There’s nothing like a heated quarterback competition to warm up the chilly spring months. And no quarterback derby will be more compelling than the one between Notre Dame’s DeShone Kizer and Malik Zaire.
The 2015 Irish team belonged to Zaire, so much so that Everett Golson packed his bags for Tallahassee. Zaire, though, suffered a season-ending ankle fracture in Week 2. Enter Kizer who set out to create a quarterback controversy by performing like a future first-round draft choice. Both players can run Brian Kelly’s offense at a high level, which means this battle will last until the summer, and could conjure up transfer chatter for a second straight year.

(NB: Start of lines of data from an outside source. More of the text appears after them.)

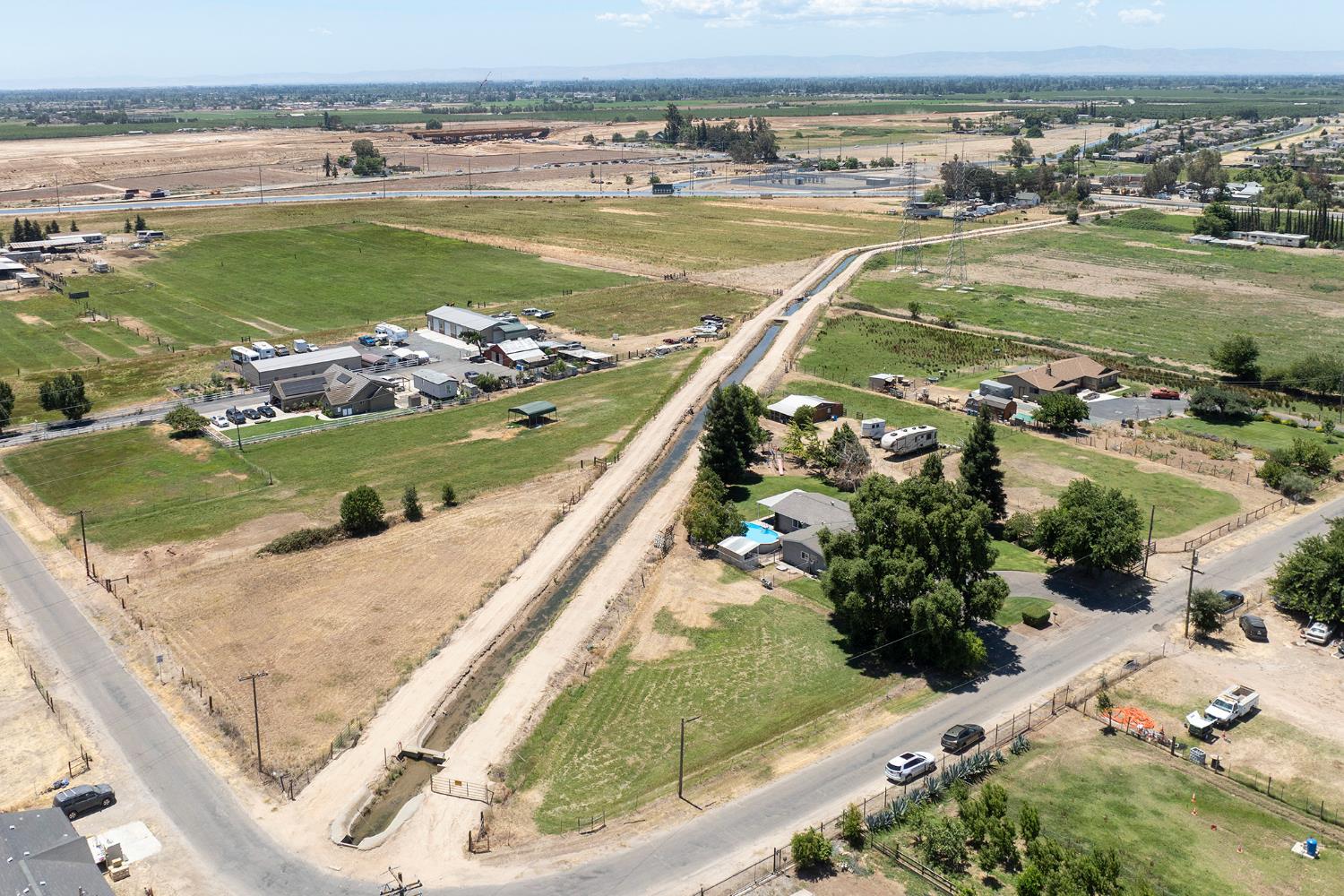 3342 Minniear Ave, Modesto, CA 95357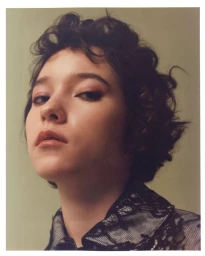 AN AFFAIR TO REMEMBER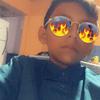 Alan503 - @alan_monge503 - TikTok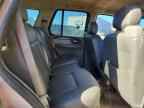 2007 GMC Envoy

For better or worse these days, when Harbaugh sneezes, the entire college football ecosystem catches the flu. Or a case of mild insanity.
Harbaugh is deeply rooted at the center of the coaching universe, part by design to attract incessant media attention in some Trumpian fashion. Everything—literally—that the coach does and says is going to be reported, discussed and shoved through the channels of hyper scrutiny. And with so many paying such close attention to Harbaugh, you can bank on him seizing the opportunity to breed splashy headlines that keep the Wolverines front and center nationally.
The Tide will be fine, because Nick Saban and perennial killer recruiting classes ensure it. Still, there’ll be some tinkering to do on offense, especially in the backfield.
Alabama will enter 2016 with a new starting quarterback for a third year in a row and a need to replace a pair of next-level backs, Derrick Henry and Kenyan Drake. Bo Scarbrough and Damien Harris will vie until April 16 to be Saban’s next running game collaboration, each hoping to be the feature back.